Published online by Cambridge University Press: 02 November 2009
We have already encountered the importance of hope at various places and, in particular, in both our case studies. A prison regime that is not hopefully open to the future is destructive and demoralising for prisoners and staff alike. The May Committee sought a future-oriented element in prison regimes, and Professor Bottoms urged that statements of the aims of imprisonment should include ‘some explicit dimension of hope’. We also saw how poor people's lot was worse if deprived of hope, and how frequently a social hope was generated among the poor and the deprived, so that they became bearers of hope. Hope keeps open the horizon of the future and motivates to action; practice is enriched and strengthened if it is hopeful. Alan Paton, in a remarkable article on ‘The Nature and Ground of Christian Hope Today’, declared, ‘I am a man of hope, … to me hope is inseparable from life’. Yet hope hardly featured in the secular theories of justice which we examined; but it is hard to go far into the Judaeo-Christian understanding of justice without acknowledging the centrality of hope.

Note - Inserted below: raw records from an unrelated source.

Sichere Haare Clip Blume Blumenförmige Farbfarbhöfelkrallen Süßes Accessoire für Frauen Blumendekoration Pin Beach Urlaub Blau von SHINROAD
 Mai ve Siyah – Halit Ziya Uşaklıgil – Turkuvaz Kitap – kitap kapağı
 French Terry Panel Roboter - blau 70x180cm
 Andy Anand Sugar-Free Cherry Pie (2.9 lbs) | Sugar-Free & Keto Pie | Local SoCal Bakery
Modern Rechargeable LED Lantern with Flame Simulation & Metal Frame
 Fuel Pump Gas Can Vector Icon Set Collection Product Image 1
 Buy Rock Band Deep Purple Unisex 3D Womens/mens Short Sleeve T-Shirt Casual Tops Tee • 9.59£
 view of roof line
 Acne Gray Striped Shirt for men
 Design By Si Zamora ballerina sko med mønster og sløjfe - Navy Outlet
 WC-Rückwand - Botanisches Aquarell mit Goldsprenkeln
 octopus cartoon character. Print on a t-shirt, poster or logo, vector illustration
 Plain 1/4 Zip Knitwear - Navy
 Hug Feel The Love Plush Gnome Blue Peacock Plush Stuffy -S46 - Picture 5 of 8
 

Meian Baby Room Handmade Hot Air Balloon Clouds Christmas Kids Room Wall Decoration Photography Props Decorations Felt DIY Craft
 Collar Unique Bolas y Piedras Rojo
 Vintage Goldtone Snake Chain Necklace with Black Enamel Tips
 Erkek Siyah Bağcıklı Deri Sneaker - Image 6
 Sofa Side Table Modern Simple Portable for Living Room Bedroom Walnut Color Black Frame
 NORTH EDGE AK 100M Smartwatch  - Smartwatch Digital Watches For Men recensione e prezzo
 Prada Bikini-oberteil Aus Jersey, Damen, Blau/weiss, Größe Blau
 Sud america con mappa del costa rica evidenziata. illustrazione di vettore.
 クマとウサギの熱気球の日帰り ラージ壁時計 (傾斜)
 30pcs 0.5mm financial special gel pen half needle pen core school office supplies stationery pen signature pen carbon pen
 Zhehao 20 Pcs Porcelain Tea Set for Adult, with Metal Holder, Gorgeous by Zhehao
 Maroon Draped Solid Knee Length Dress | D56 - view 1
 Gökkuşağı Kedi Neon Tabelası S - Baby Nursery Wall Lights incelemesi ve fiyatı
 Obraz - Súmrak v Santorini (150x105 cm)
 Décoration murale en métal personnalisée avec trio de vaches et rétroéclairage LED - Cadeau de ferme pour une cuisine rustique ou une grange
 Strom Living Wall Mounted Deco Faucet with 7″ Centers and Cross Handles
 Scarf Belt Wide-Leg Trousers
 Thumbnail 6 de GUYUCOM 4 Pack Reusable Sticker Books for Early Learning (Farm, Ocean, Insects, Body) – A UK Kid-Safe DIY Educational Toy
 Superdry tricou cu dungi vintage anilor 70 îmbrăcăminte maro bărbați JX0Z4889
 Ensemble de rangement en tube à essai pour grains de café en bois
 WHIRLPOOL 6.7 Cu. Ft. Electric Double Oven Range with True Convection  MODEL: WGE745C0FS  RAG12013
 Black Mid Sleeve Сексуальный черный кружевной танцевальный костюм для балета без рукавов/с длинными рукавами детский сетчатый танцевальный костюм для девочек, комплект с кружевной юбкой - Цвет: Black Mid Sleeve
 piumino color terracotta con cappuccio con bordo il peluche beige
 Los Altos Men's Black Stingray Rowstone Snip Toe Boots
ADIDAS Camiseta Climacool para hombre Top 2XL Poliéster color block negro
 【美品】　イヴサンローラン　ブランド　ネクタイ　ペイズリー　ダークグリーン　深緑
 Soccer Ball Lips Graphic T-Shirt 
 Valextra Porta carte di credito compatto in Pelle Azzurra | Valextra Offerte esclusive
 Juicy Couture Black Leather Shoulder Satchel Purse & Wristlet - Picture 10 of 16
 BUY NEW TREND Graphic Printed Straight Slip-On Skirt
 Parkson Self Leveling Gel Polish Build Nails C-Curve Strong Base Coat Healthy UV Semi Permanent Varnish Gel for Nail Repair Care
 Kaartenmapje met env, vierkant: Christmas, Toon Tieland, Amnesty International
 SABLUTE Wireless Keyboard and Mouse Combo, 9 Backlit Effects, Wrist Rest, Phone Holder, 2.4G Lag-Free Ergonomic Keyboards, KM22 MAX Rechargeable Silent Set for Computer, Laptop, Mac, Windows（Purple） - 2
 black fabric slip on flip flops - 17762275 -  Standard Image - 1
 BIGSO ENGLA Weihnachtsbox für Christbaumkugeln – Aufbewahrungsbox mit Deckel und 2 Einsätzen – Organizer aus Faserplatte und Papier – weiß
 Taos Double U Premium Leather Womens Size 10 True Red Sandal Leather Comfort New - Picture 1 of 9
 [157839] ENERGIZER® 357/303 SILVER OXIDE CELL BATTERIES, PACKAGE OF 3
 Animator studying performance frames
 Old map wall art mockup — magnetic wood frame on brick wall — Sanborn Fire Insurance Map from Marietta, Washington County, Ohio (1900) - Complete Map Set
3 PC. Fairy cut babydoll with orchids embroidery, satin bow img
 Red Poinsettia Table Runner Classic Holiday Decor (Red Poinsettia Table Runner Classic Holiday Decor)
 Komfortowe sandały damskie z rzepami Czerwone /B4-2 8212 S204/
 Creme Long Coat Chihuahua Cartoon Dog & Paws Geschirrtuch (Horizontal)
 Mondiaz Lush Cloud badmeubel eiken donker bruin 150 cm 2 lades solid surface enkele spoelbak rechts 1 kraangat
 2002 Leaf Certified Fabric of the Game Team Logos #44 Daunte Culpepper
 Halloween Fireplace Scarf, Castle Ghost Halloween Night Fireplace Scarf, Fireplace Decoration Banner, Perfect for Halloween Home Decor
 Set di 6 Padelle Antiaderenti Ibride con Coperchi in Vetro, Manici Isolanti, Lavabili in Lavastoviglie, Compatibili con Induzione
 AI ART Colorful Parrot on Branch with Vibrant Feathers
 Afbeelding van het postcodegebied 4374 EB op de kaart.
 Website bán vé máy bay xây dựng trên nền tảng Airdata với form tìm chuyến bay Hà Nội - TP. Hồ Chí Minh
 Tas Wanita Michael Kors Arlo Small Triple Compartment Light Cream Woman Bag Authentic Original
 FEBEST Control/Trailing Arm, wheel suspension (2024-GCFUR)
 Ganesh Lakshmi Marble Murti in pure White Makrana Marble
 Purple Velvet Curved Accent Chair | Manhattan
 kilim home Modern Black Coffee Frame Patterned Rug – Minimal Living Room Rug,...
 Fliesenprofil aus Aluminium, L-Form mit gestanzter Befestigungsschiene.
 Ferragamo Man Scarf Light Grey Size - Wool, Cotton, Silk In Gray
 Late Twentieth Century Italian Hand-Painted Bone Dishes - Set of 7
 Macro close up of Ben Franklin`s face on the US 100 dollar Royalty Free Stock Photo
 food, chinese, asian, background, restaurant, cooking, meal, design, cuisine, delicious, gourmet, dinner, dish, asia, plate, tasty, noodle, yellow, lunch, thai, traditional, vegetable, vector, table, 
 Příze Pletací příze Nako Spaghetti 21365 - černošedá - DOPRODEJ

Hopes are, of course, of many kinds. Some are an escape from reality, pipe-dreams or expressions of alienation. Some are strictly individual and private. Other hopes of a political sort have shown during this century how hope as the search for Utopia can become appalling tyranny. Other hopes have generated great and humane movements for reform and for liberation. Many, but not all, forms of hope are rooted, at least at their birth, in religious ground.